Make no mistake: it’s an important issue. The number of public (that is, “outed”) homosexuals in the United States is estimated as high as 22% and growing, due to homosexuality’s increased (although incomplete) acceptance into the social norm.
For a long time, gay people have wanted to serve their country in the armed forces, an admirable desire to be sure. For decades, gay people had faced persecution, hatred and witch hunts when serving in the military. On July 20, 1993, Bill Clinton reached what he called a compromise, allowing gay people to serve in the military, provided they…you know, didn’t do “gay things”. Clinton said he wasn’t happy with it, but some level of change was necessary and the Joint Chiefs would not budge further than they did. The executive order allowed gay people to serve in the military legally, albeit secretly, and would end the investigations that cost millions of taxpayer dollars.
Why was the compromise necessary? Clinton justified it as “protecting the morale” of the heterosexual troops.
I’ll say that again: “Don’t ask, don’t tell, don’t pursue” was originally ordered to “protect” the heterosexual bigots who had a problem serving with gays in the military. This is rather like opening a school that’s only open to white people, to protect them from the other races.
As I think about it, it’s amazing to me that such discrimination was (and is) considered tolerable for so long. But whereas racism had it’s “Rosa Parks moment” (with the actual Rosa Parks moment itself), homophobia has never had such a story. Seemingly no one wants to talk about homosexuality – maybe it’s harder to understand than race, maybe it’s just a more delicate subject (you can really only be openly black, for example; there is no “in the closet” for being black).
In any case, President Obama is right: it’s time to end “Don’t Ask, Don’t Tell.” Until it is scientifically proven that a gay person can’t shoot a gun as accurately as a straight person, until it’s proven that a gay person is less patriotic than a straight person, until it’s proven that a straight person can actually get AIDS just by being in the same foxhole as a gay person, there should be no difference in how gay people are treated vs. how straight people are treated in the United States military.
Not only is it time we stop censoring gays in the military, but it’s time we stop protecting bigots in the military. I don’t think the problem is as widespread as some would have you believe, but the fact is that some straight people (in all circles, not just the military) are homophobic and this leads to acts based in fear, discomfort or anger. These acts should be punished in the military just as they are in normal society: nothing but respect should be tolerated in the military.
And conversely, while gay people should be allowed to openly serve in the military, they should do so with professionalism. Being in the military is a job, in fact it’s the most important job there is, and it should be treated with the same professionalism that one would treat a corporate job with an HR department and performance reviews.
So there it is.
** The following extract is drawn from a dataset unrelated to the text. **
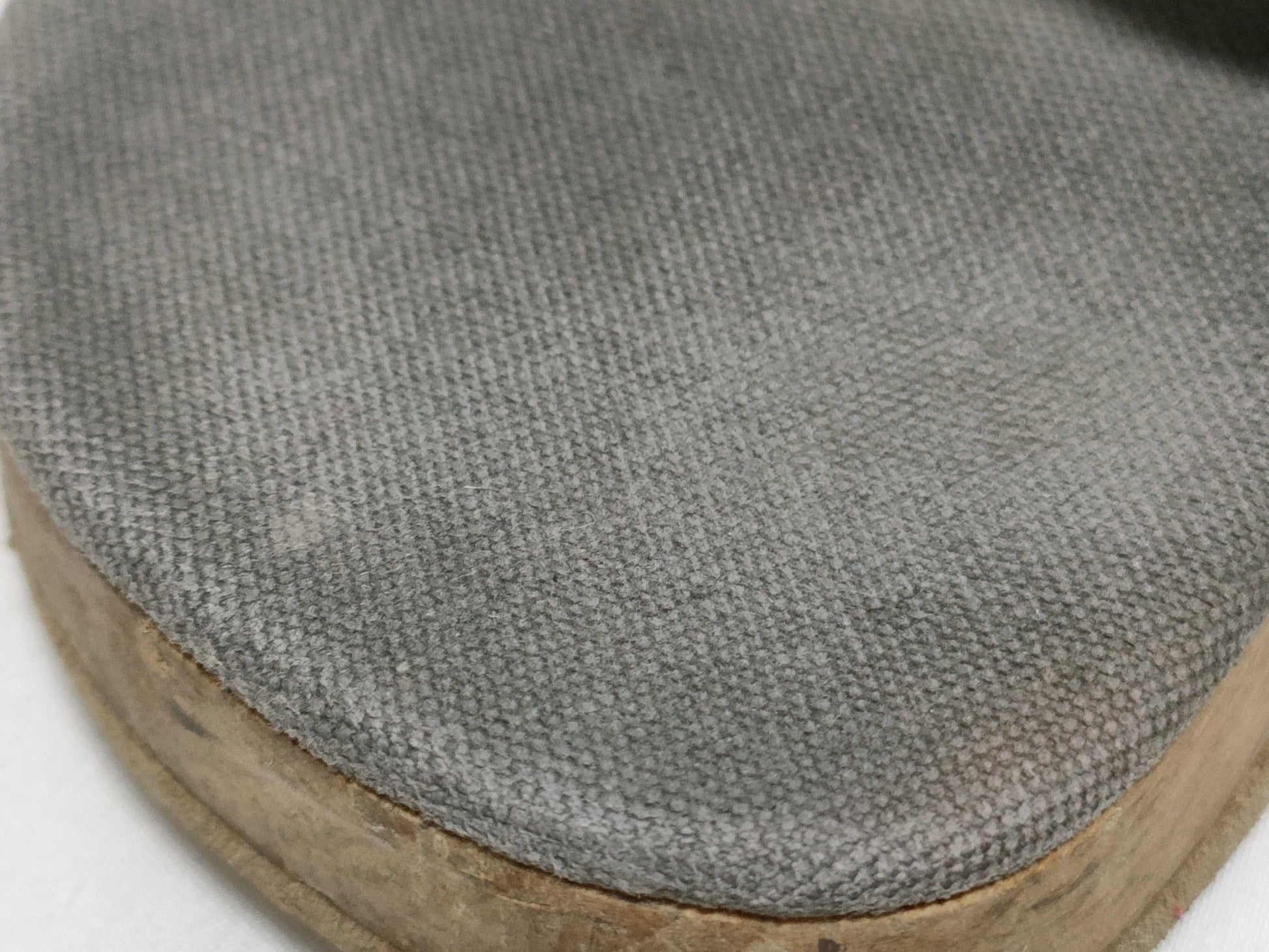 HERMES Foule Toe Slippers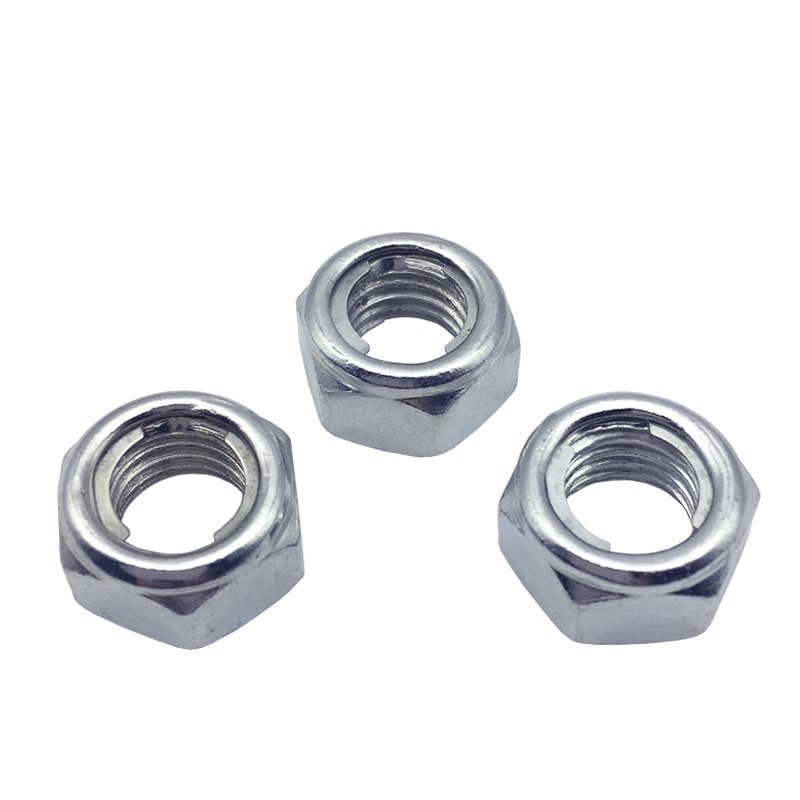 Stainless Steel A2-70 A4-80 SS201 SS304 SS316 DIN980V DIN980M All Metal Lock Nuts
For those of you who know me, this post may come as a surprise to you since I’m not siding with Republicans (or most conservatives) on this matter. But honestly, the more I thought about this issue the more I came to realize that one’s sexual preference should not take precedence over one’s desire to serve. That doesn’t mean “Don’t ask, don’t tell”; it means diversity should be embraced and celebrated (to use the Office cliché), while discrimination and homophobia (or xenophobia, or whatever) should be discouraged and punished.
Note: A couple times while writing this article I made a typo and typed “Don’t ask, don’t Dell”. I think Apple should use this as their marketing slogan and I’m willing to talk price whenever.
Another note: The title, like many of my blog posts, is a lyric from a song I enjoy, “Holiday”, by Green Day. Take nothing more from it than that.